Anti-abortion activists have been using a deeply misleading refrain to squash access to mifepristone, a drug approved in 2000 by the US Food and Drug Administration (FDA) to safely end pregnancies.
“Pregnancy is not an illness,” declared Erik Baptist, the lead counsel for the coalition of anti-abortion groups Alliance Defending Freedom, in a hearing before Judge Matthew Kacsmaryk in a federal district court in Texas last month. “Pregnancy is not a disease.”

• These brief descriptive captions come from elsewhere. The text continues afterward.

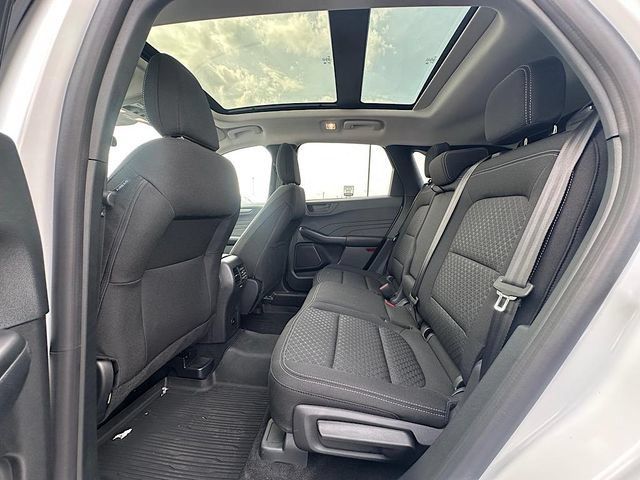 New 2024 Ford Escape Active w/ Tech Pack #1 AWD/4WD image 17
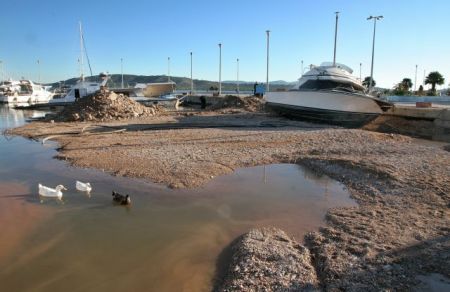 Οδοιπορικό στη Νέα Πέραμο: «Ασε με να πεθάνω, σώσε τον γιο μου»
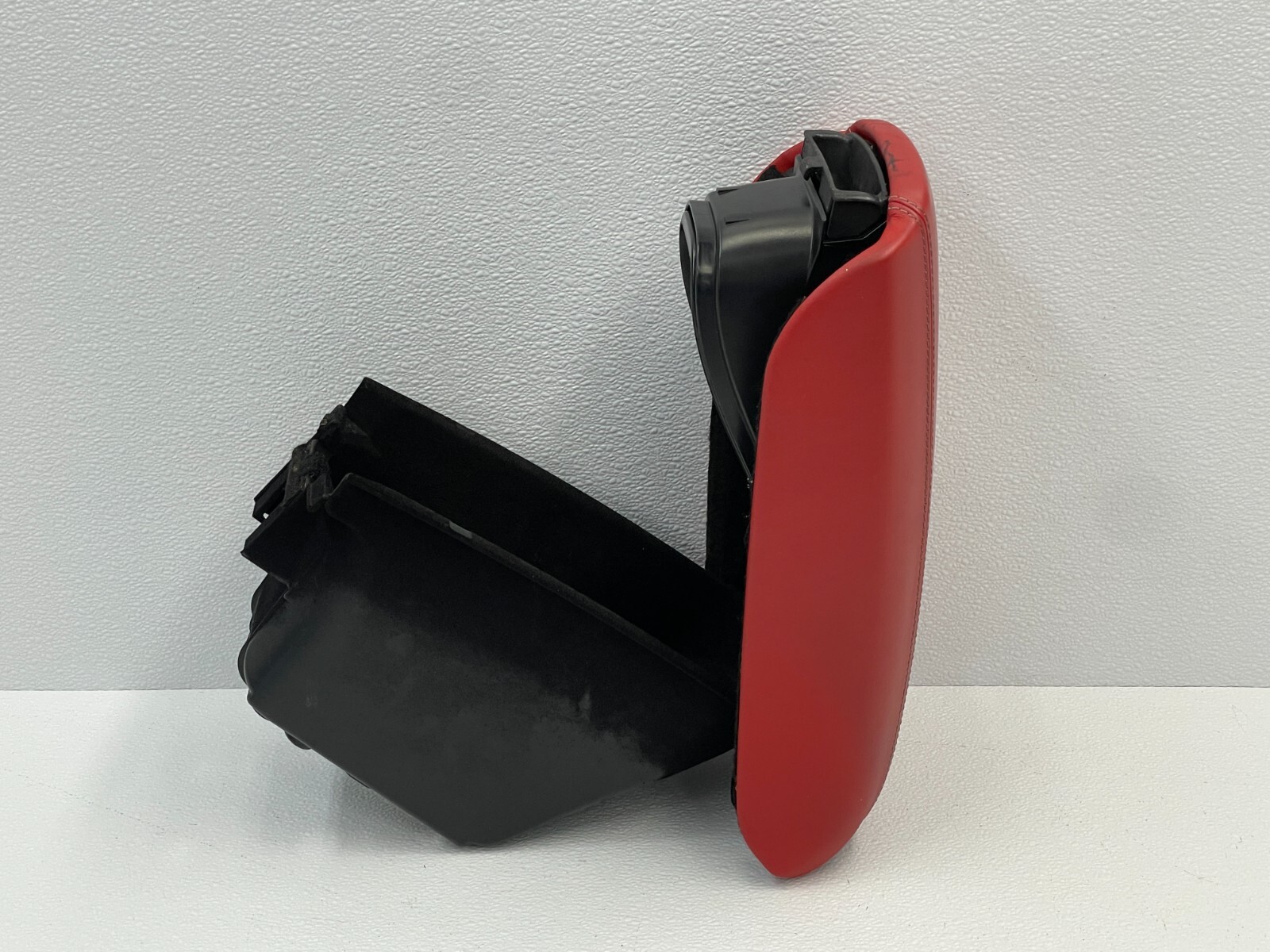 13 14 Maserati Granturismo M145 Center Console Armrest Storage Lid Red 1458 OEM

Last Friday night, when Kacsmaryk issued his unprecedented decision ordering mifepristone to be pulled from the market, the anti-abortion judge said the same thing: “Pregnancy is not an ‘illness,’” Kacsmaryk emphasized in his 67-page order, writing that it’s “a natural process essential to perpetuating human life.”
The argument matters because anti-abortion leaders claim the FDA illegally approved mifepristone through an accelerated drug reviewal process known as Subpart H that only applies to “new drugs for serious or life-threatening illnesses.” If pregnancy isn’t an illness, their logic goes, then mifepristone shouldn’t have been approved at all.
It’s a silly argument that reflects both an unreasonably textualist interpretation of the law, as well as a Christian view that pregnancy is holy and stopping it is sacrilege. It’s a shoddy legal interpretation because there’s a long history of the FDA using the terms illness, disease, and condition interchangeably. In an amicus brief filed in the case in February, 19 US food and drug scholars from 16 academic institutions across the United States emphasized mifepristone has always been lawfully approved.
“Although amici represent a diverse range of ideologies and do not necessarily agree on all moral and ethical questions associated with abortion, [we] uniformly agree that Plaintiffs have gravely mischaracterized U.S. federal food and drug law,” the experts wrote.